Is the IDF Flotilla raid an Islamic issue?
I woke up Monday morning, rolled out of bed and turned on al-Jazeera like I do everyday. Except this morning I was excited to see where the Flotilla ships had reached. I knew that by now they would have probably approached Gaza. I expected headlines along the lines of “Israel foreign minister issues strong warning to approaching aid-carrying ships”. Instead, I saw “at least 10 killed as IDF raids ships”. Huh?! I couldn’t believe what I was reading. I practically jumped to my laptop to check the numerous social media sites I follow, and was overwhelmed by all the articles and videos being posted. People in Turkey were outraged and trying to storm parliament.
What about Egypt – is anybody going to protest this?

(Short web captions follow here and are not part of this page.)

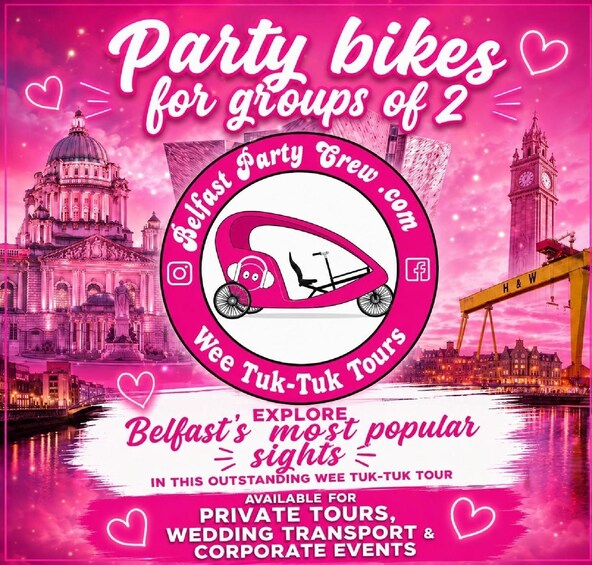 Picture 1 for Activity Belfast: Wee TukTuk Tours Party bike for 2 guests (BYOB) 2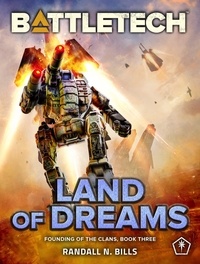  Randall N. Bills - BattleTech: Land of Dreams - BattleTech.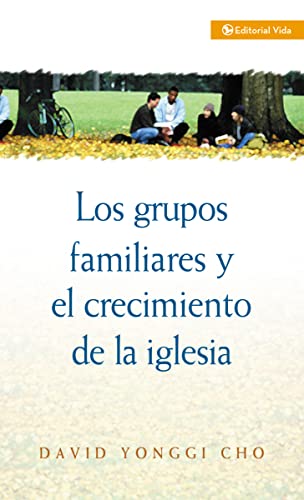 Beispielbild fr Los Grupos Familiares Y El Crecimiento De La Iglesia zum Verkauf von Blackwell's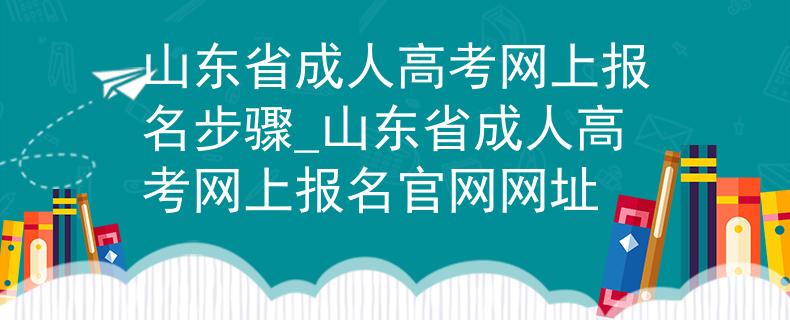 山东省成人高考网上报名步骤_山东省成人高考网上报名官网网址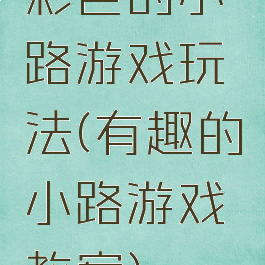 彩色的小路游戏玩法(有趣的小路游戏教案)
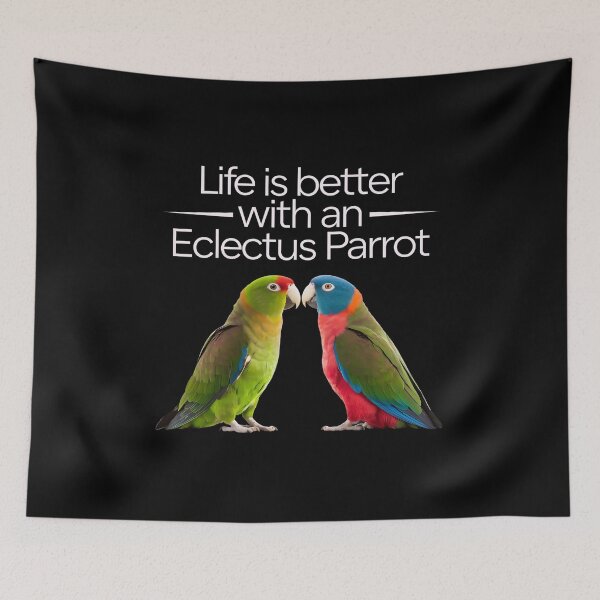 Item preview, Eclectus Parrot - Life Is Better With An Eclectus Parrot - The perfect gift for Eclectus parrot lovers and exotic bird enthusiasts. designed and sold by ZyziowskyArt.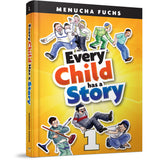 Every Child Has a Story 1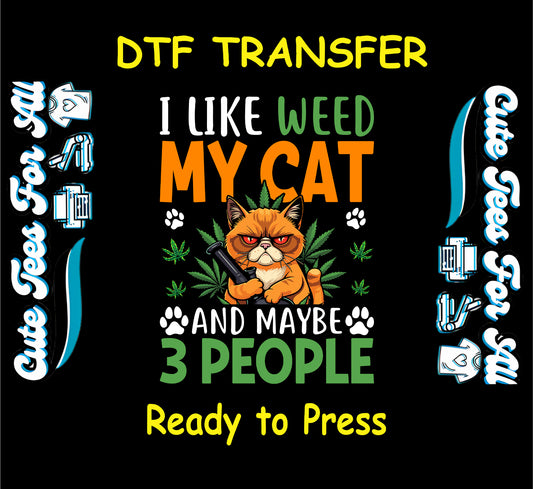 DTF transfer with angry cat holding a bat, surrounded by weed leaves and funny quote.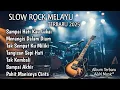 Lagu SLOW ROCK MELAYU TERBARU FULL LAGU GALAU 2025 || SAMPAI HATI KAU LUKAI || FULL ALBUM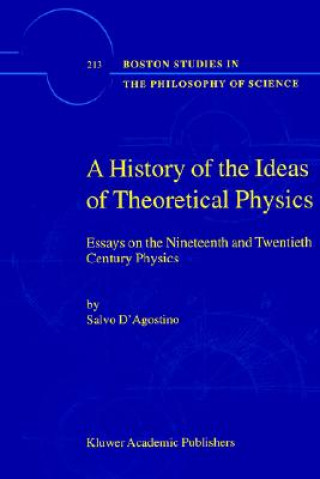 Kniha History of the Ideas of Theoretical Physics Salvo D'Agostino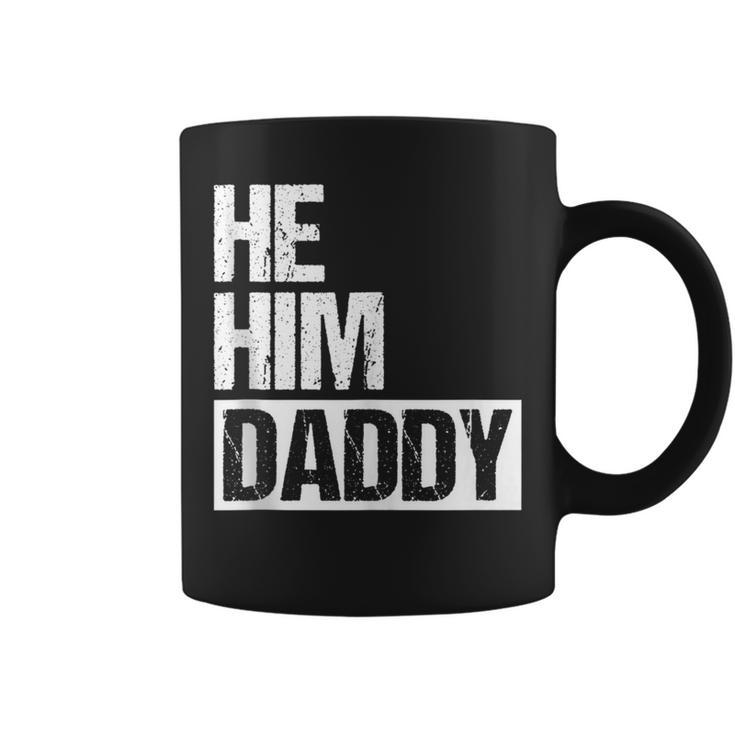 Daddy Lover Valentine Quote He Him Daddy Coffee Mug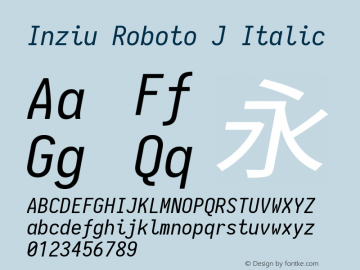 Inziu Roboto J Italic Version 1.13.1 Font Sample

Sure enough, someone tweeted that there would be a protest in front of the Egyptian Foreign Ministry in a couple of hours.
I quickly got dressed and jumped into a taxi to begin my hour-long commute to the foreign ministry. As the taxi pulled up I could see around 100 protestors surrounded by the national security forces (a scary sight of hundreds of men dressed in black and carrying rifles), carrying banners and chanting anti-Israeli and anti-Mubarak slogans. I was proud that the protesters were making clear the fact that it is the government that is standing in the way of Egyptians taking action against Israel – and that a true anti-Israeli protest is not complete without protesting against the current regime.

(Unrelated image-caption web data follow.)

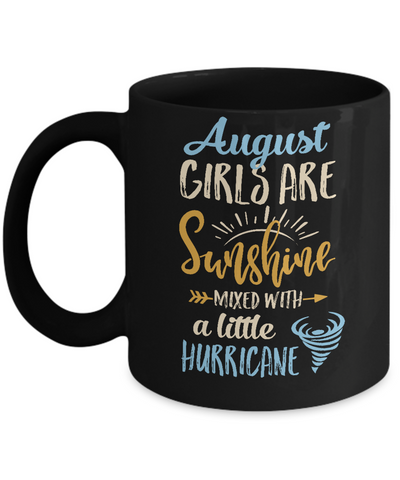 August Girls Birthday Sunshine Mixed Little Hurricane Mug Coffee Mug | Teecentury.com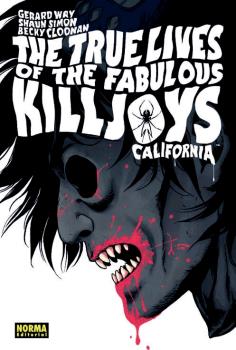 THE TRUE LIVES OF THE FABULOUS KILLJOYS 1. CALI...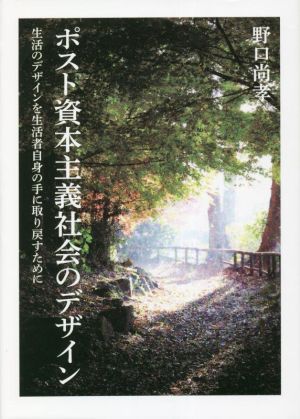 ポスト資本主義社会のデザイン 生活のデザインを生活者自身の手に取り戻すために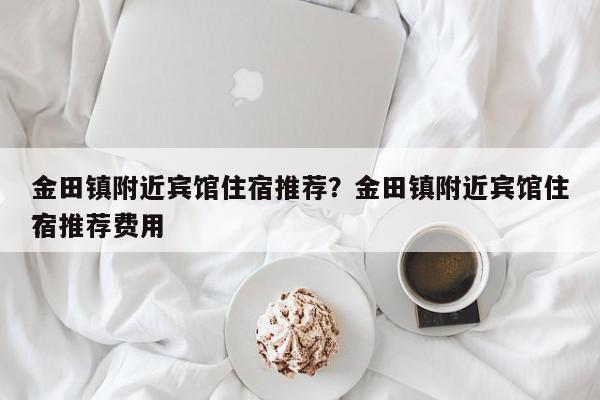 金田镇附近宾馆住宿推荐？金田镇附近宾馆住宿推荐费用
？-第1张图片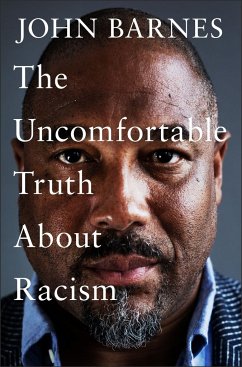 The Uncomfortable Truth About Racism - Barnes, John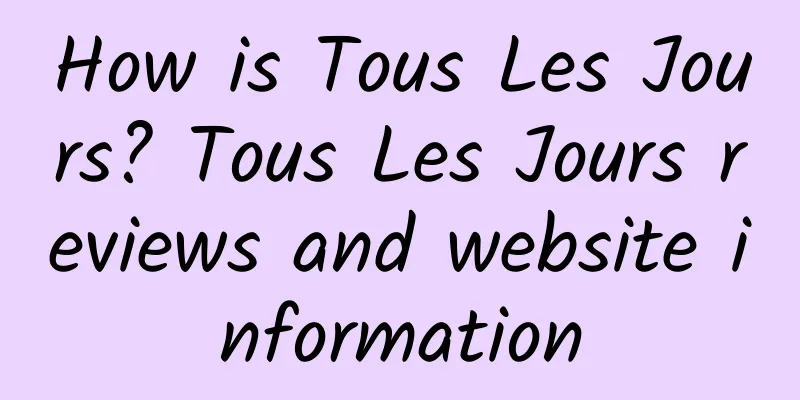 How is Tous Les Jours? Tous Les Jours reviews and website information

What I didn’t like was when the chants took on an Islamic tone. I was displeased when the chants began to revolve around Jerusalem being an Islamic city and about the people of Prophet Muhammad (peace be upon him) returning to bring justice to the world.
Aside from the fact that this attitude conflates issues and is not an effective way to build unity or garner support for an international cause, the plight of the Palestinian people and the terrorism perpetrated by Israel is not an Islamic issue. It is an issue of universally agreed upon human rights. It is an issue of a government consistently and regularly violating international law. This is not a cause exclusive to Muslims, nor is it the only cause Muslims should support. This is a humanitarian cause.
This is not to say that my Islamic identity is separate from political opinions. Quite the contrary. My motivations for defending this cause stem from my understanding of Islamic teachings that tells me that justice is more important than peace, and that standing up against tyranny is one of the greatest things you can ever do as a Muslim.
There is a hadith (a saying or tradition by Prophet Muhammad) that says “Support your brother whether oppressor or oppressed”. The Prophet’s Companions responded saying they knew how to support an oppressed brother, but how could they possibly support an oppressor? Prophet Muhammad responded: “By preventing him from oppressing others”. There is another hadith that says “the best jihad is to speak the truth before a tyrant ruler” .
It is these Islamic teachings that tells me that apathy towards the Palestinian cause is a crime. It is those same teachings that that tell me that apathy towards the plight of the Haitian people is a crime, as is apathy towards the many injustices being committed around the world.
But these are my personal motivations. Many of those who fight for the sake of justice draw motivation from different sources, whether that be their own religious teachings or a purely secular belief in universal ethics.
In learning how to react to public injustice individually, I encourage Muslims to turn to their Islamic teachings to provide motivation, inspiration, and courage. But in fighting these battles in the public arena, we must understand that a public injustice is an international cause, and must be fought for as such.